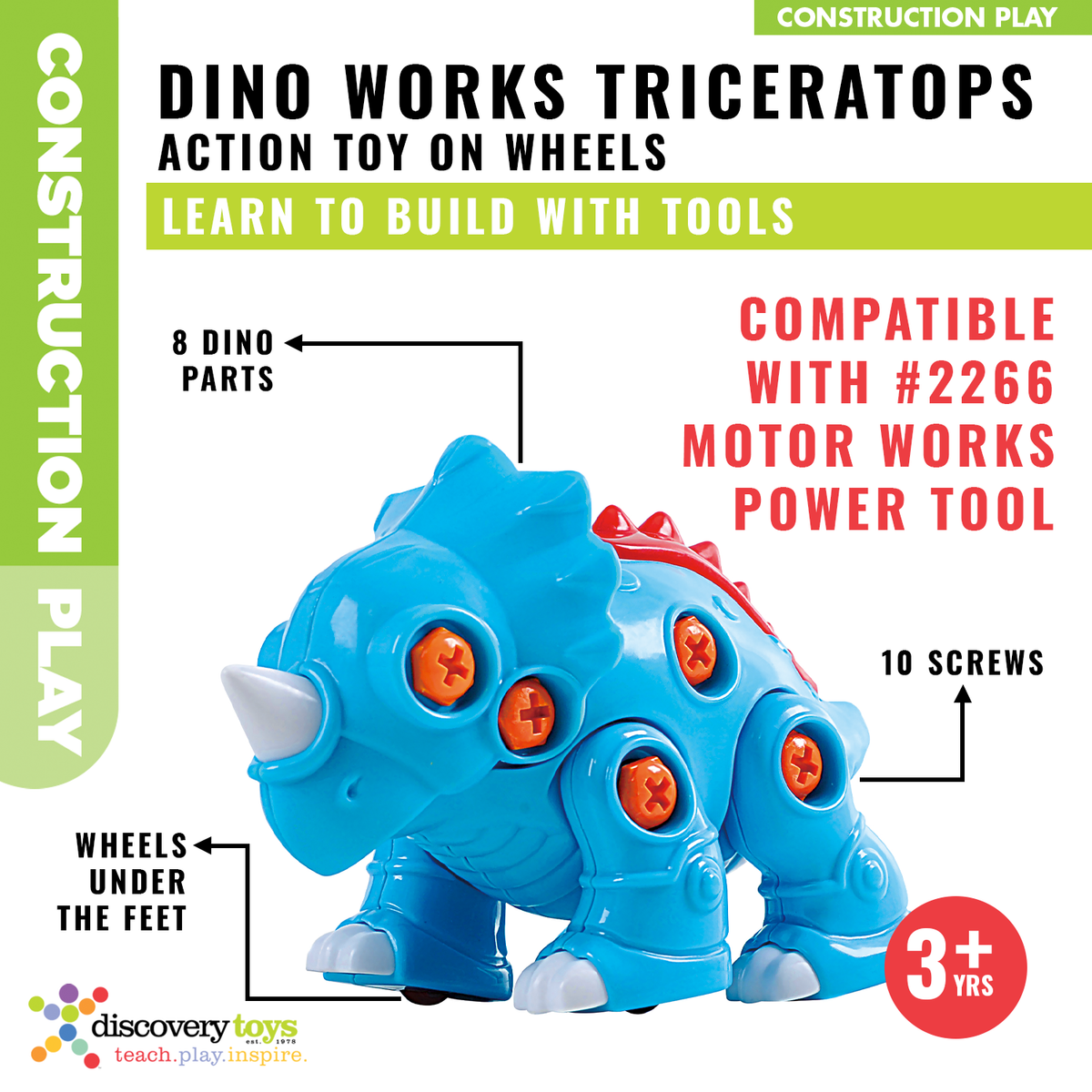 DINO WORKS TRICERATOPS DIY Take Apart Toy - Additional Product View 4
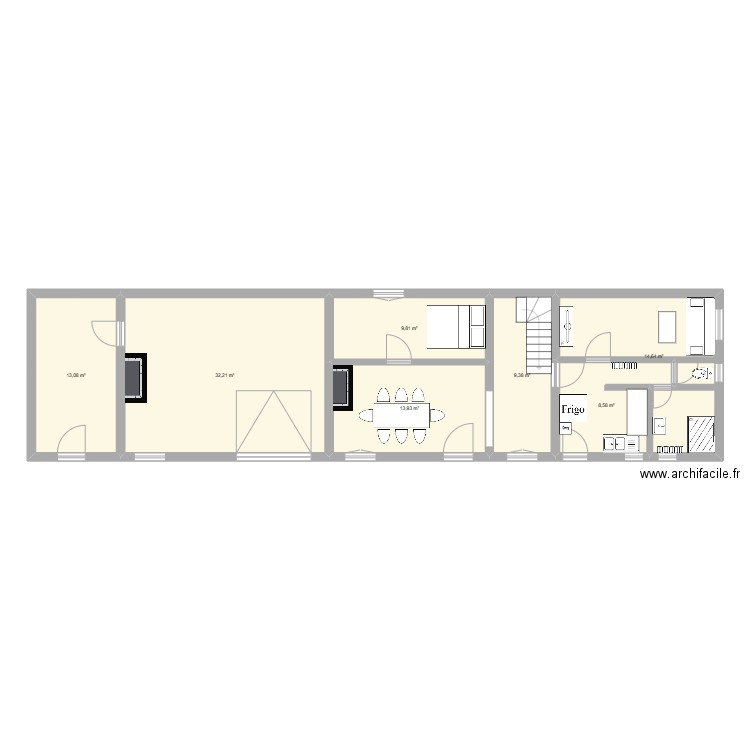 maison travaux. Plan de 7 pièces et 102 m2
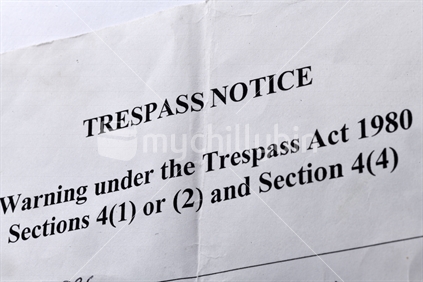 Title of a well-worn trespass notice issued by the New Zealand police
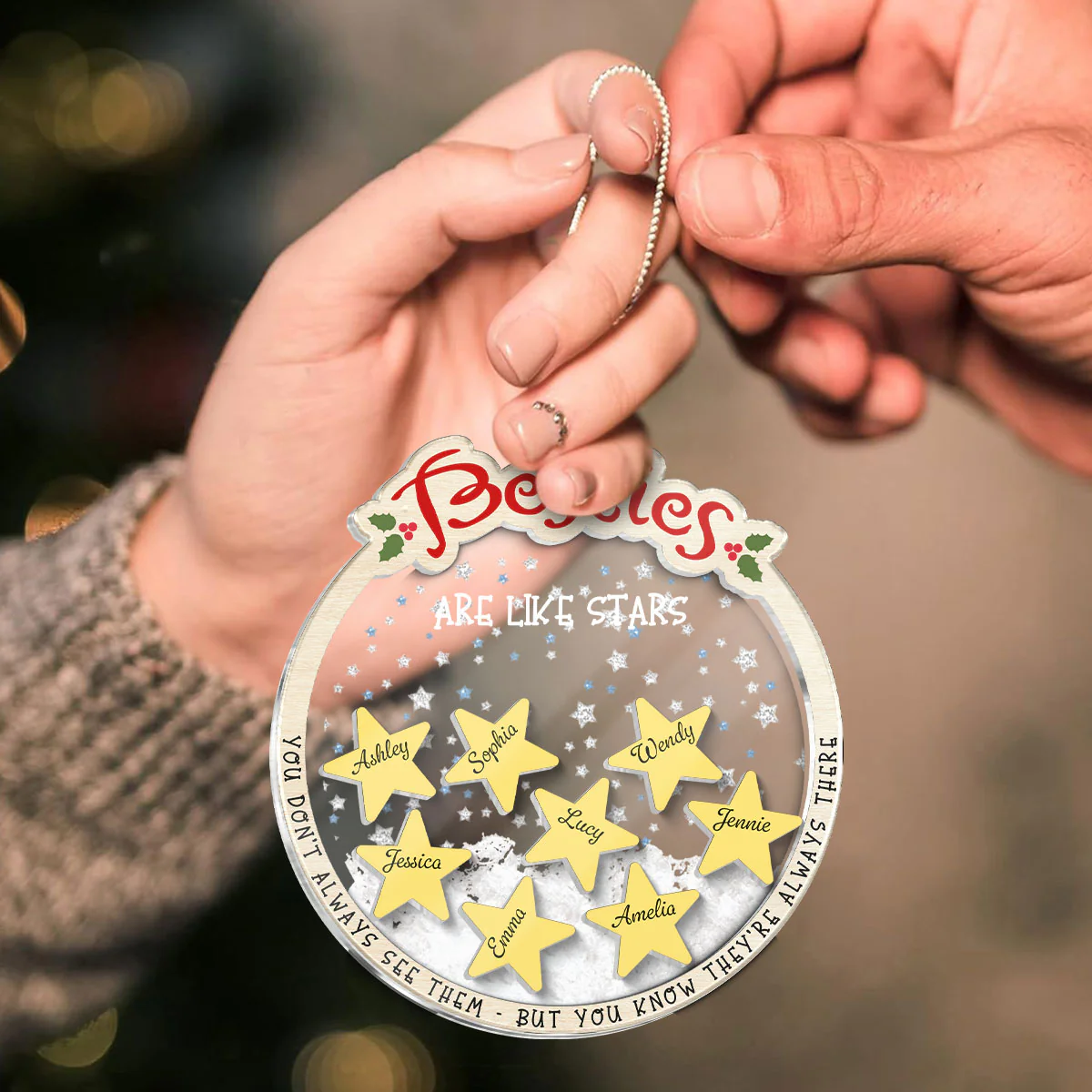 Sisters Besties Are Like Stars They're Always There Personalized 4D Shaker Ornament, Christmas Gifts For Sisters, Siblings, Best Friends - Image 6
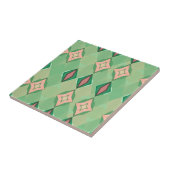 Retro geometrisches Muster Grün Pink Diamant Stern Fliese (Seite)
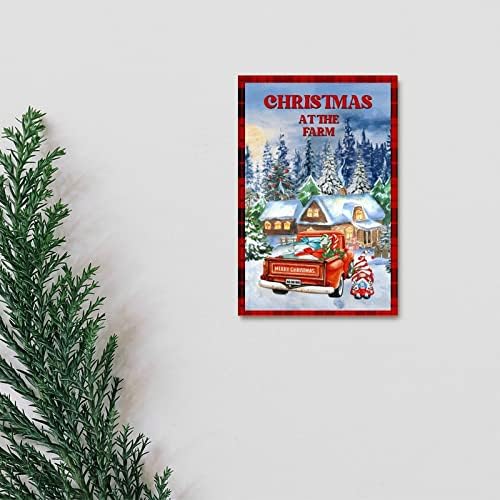 גנום משאית אדומה שלט עץ חג המולד בחווה סצנת שלג חורף שלט עץ שלט חג המולד ציוד קישוטי בית חווה כפרי חידוש לחברים משפחה 12x8in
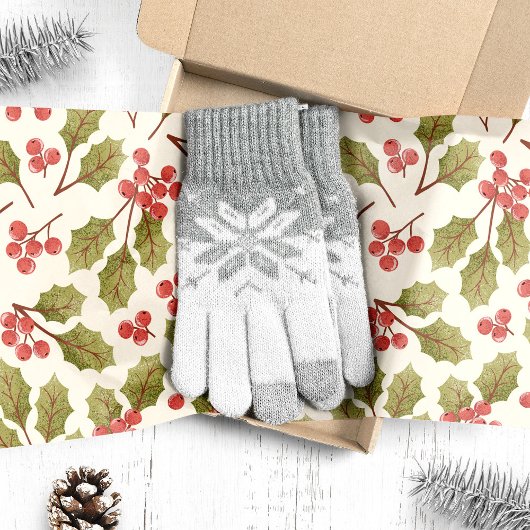 Vintag Holly Watercolor Seidenpapier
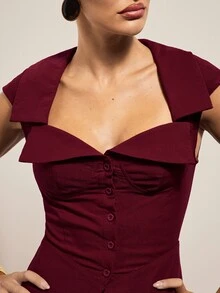 Hauture Women's Sexy Casual Office Solid Color Corset Bustier Collared Sleeveless Top - Burgundy - View 6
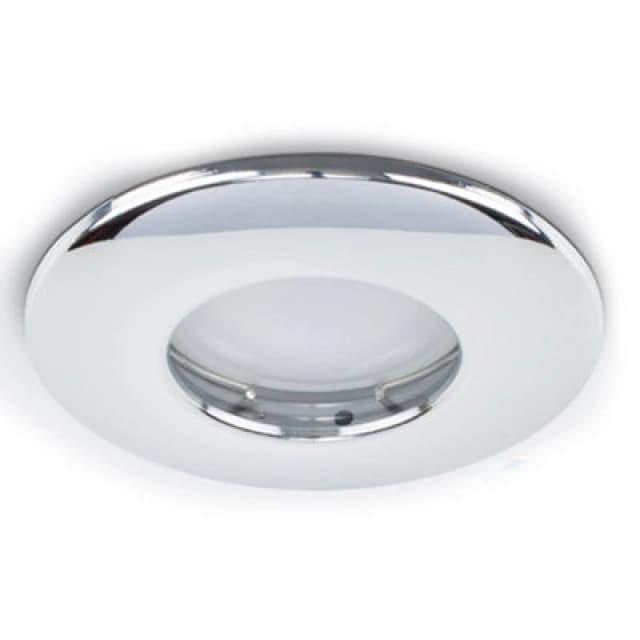 ValueLights Downlight Fire Rated IP65 Ceiling Light Fitting 6 Pack With Cool White Bulbs Metallic Silver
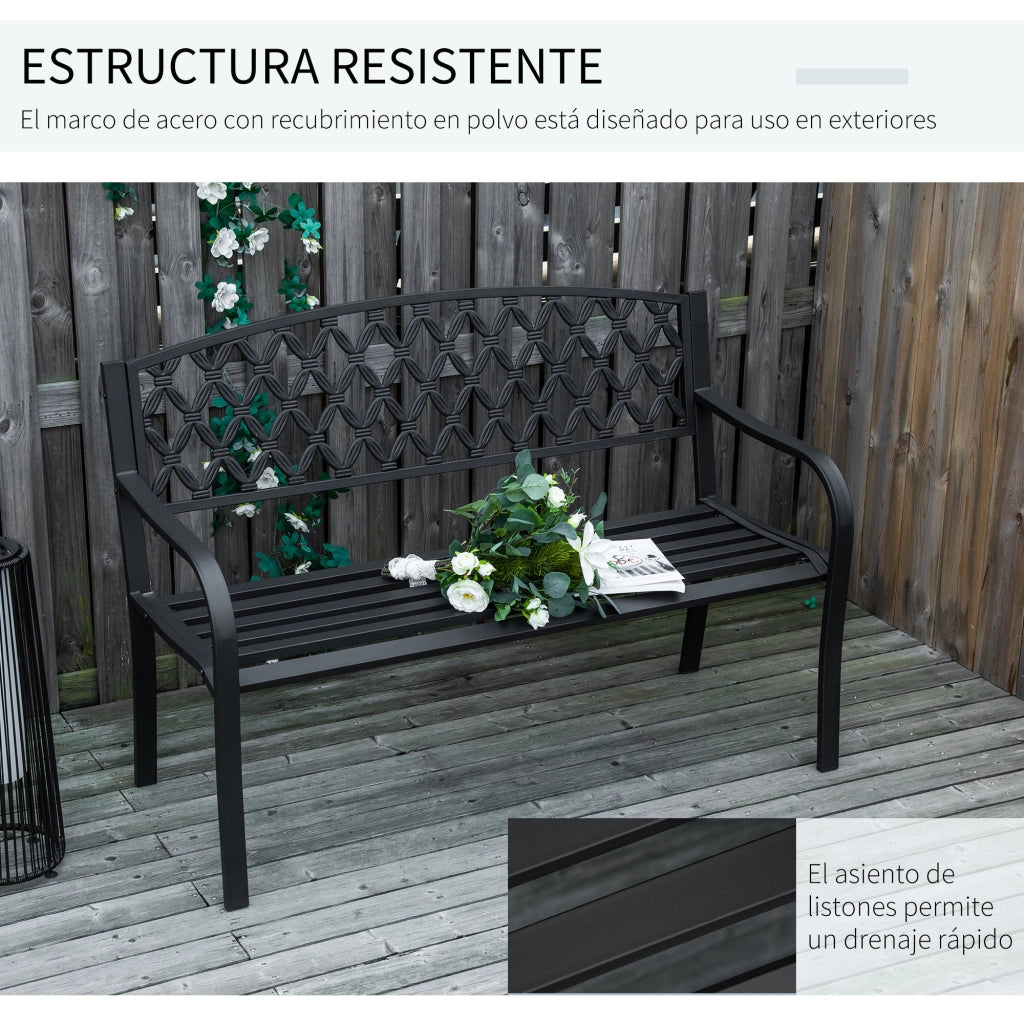 Divano da Giardino 2 Posti con Respaldo e Braccioli ¨C Zephmum ¨C Nero Ferro Acciaio 128x58.5x89 cm
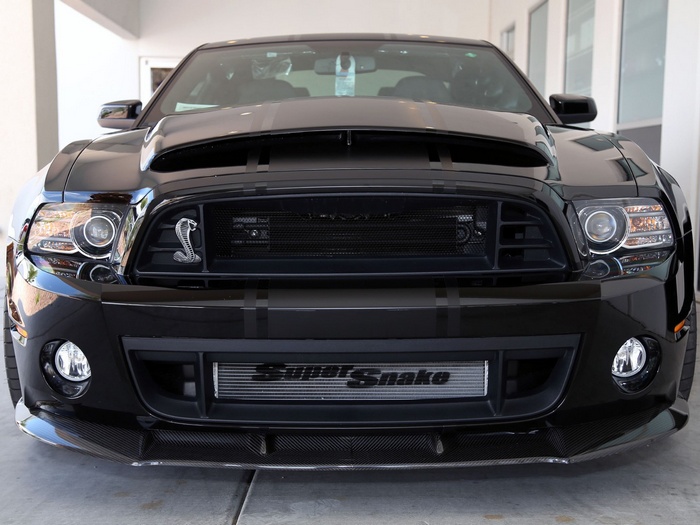 Black Shelby Super Snake Mustang Front View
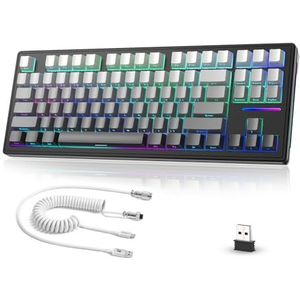 MAMBASNAKE × ATTACK SHARK TKL Hot-Swappable Draadloos Mechanisch Gaming Toetsenbord met Op Maat Gemaakte Gekrulde USB-C-kabel, 2,4 GHz/BT5.0/Bedraad, RGB-achtergrondverlichting, 5000 mAh - Zwart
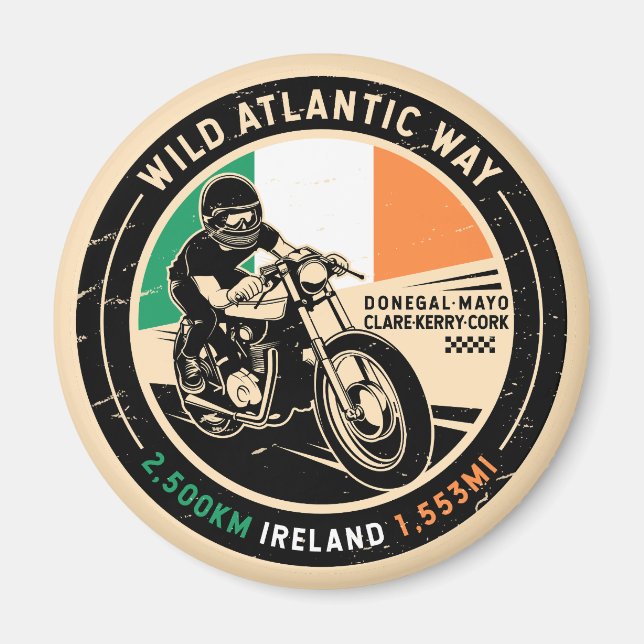 Vild Atlanten | Irland | Motorcykel Magnet (Framsidan)
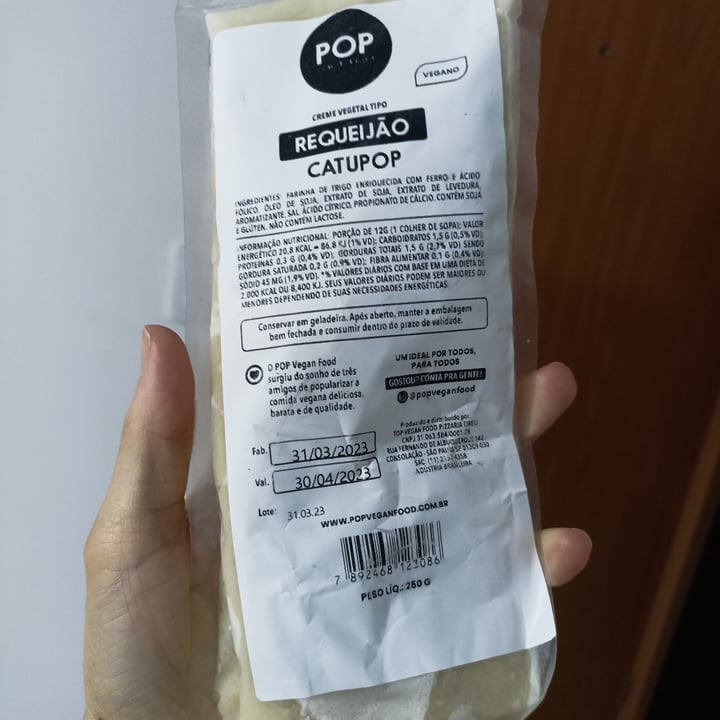 photo of Pop vegan food Requeijão Catupop shared by @dstrolezi on  18 Apr 2023 - review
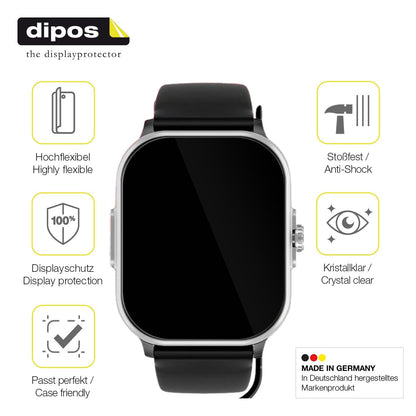 2x Screen Protector for YYKY Smartwatch 1.72 Zoll Protective Film covers 100%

_ _ _ _

**Brief**
Produce an exact reproduction of the listing above, limited to the lines starting at the line with "Retro geometrisches Muster" and ending at the line with "ValueLights Downlight Fire", both kept, with every picture left out.

**Exercise output**
 Retro geometrisches Muster Grün Pink Diamant Stern Fliese (Seite)
 גנום משאית אדומה שלט עץ חג המולד בחווה סצנת שלג חורף שלט עץ שלט חג המולד ציוד קישוטי בית חווה כפרי חידוש לחברים משפחה 12x8in
 Vintag Holly Watercolor Seidenpapier
 Hauture Women's Sexy Casual Office Solid Color Corset Bustier Collared Sleeveless Top - Burgundy - View 6
 ValueLights Downlight Fire Rated IP65 Ceiling Light Fitting 6 Pack With Cool White Bulbs Metallic Silver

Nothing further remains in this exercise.